Il y a des élus qui ne sont pas d’accord, j’en connais personnellement. Jean-Jacques Lasserre manifeste clairement son refus d’une soumission à la gauche nationaliste. Florence Lasserre, Alain Robert, Brigitte Pradier, ont exprimé publiquement leur opposition. D’autres élus, comme Guy Lafite, expriment leur opposition en privé, mais conservent un silence prudent. Ils sont capables de grandes colères publiques sur la plage de Marbella, sur l’hôtel du Palais. Ils préparent un communiqué remis à Loïc Corrégé. Ils nous promettent un communiqué. Il va venir incessamment sous peu. Mais Vincent Bru n’a pas voulu. Jean-René Etchegaray affirme que son conseil d’agglo est unanime derrière lui pour blanchir ETA. Guy Lafite ne proteste pas. Il rédige un communiqué.

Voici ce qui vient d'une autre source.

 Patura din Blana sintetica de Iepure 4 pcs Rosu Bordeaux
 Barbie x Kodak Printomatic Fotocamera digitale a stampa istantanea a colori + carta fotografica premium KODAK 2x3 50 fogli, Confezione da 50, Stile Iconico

Quelques citoyens s’expriment. Ils ont un peu de mal à se faire entendre, mais ils poursuivent.



Quand ils parlent dans des réunions, dans un parti, dans une association, on leur répond assez régulièrement que ce n’est pas le sujet. Qu’il ne faut pas évoquer ce sujet. Qu’il n’y a pas de danger identitaire au Pays Basque français.



Ainsi, quand Vincent Bru, député de la majorité présidentielle, côtoie des assassins, des incendiaires, des racketteurs, tous patriotes basques, ça n’a rien à voir avec l’Europe.  Quand Loïc Corrégé, extincteur en marche, empêche la diffusion des discours du président ou du premier ministre sur la poussée du nationalisme en Europe, ça n’a rien à voir avec l’Europe.



Quand Vincent Bru le blanchisseur et Loïc Corrégé l’extincteur dénoncent l’inaction des gouvernements français et espagnols en compagnie de Mélenchon, des nationalistes corses, des identitaires bretons, de tous les adversaires de l’Europe, ça n’a rien à voir avec l’Europe.



L’Europe pour moi est une construction qui me protège des dangers nationalistes et identitaires. Mon combat contre les blanchisseurs et les extincteurs est au cœur de mon engagement européen.

mardi 27 novembre 2018

ce qui brûle, ce qui pousse


Un arbre qui tombe fait plus de bruit qu’une forêt qui pousse (proverbe africain)

Un centre d’accueil de jour lance un appel aux bénévoles aider à la réception des personnes en galère. Cinquante personnes s’inscrivent et se présentent.  Qui en parle ? Cinq gilets jaunes bloquent le péage de La Négresse. Photos, entretiens, nouvelles, journalistes, caméras, micros. Et encore, ils n’ont rien cassé, ils n’ont rien brûlé. S’ils avaient cassé, s’ils avaient brulé, lancé des pierres contre la police, ils auraient eu droit aux chaînes d’information en continu, au journal régional, peut-être même au journal de vingt heures.

Pendant trente ans, l’Irlande du Nord a été secouée par des actions terroristes. Les morts, les ruines, les blessés, les décombres, occupaient les médias. Vous vous rappelez ? Les responsables des deux communautés, protestants et catholiques, se sont rencontrés, se sont mis d’accord pour un nouveau mode de gouvernement, paritaire. Les discussions ont été longues et difficiles. Elles ont abouti. Les micros s’éloignent, les cameras se rangent.

On peut s’indigner, déplorer, condamner. En vain. A chacun d’entre nous d’apprendre à distinguer feu de paille et construction d’avenir.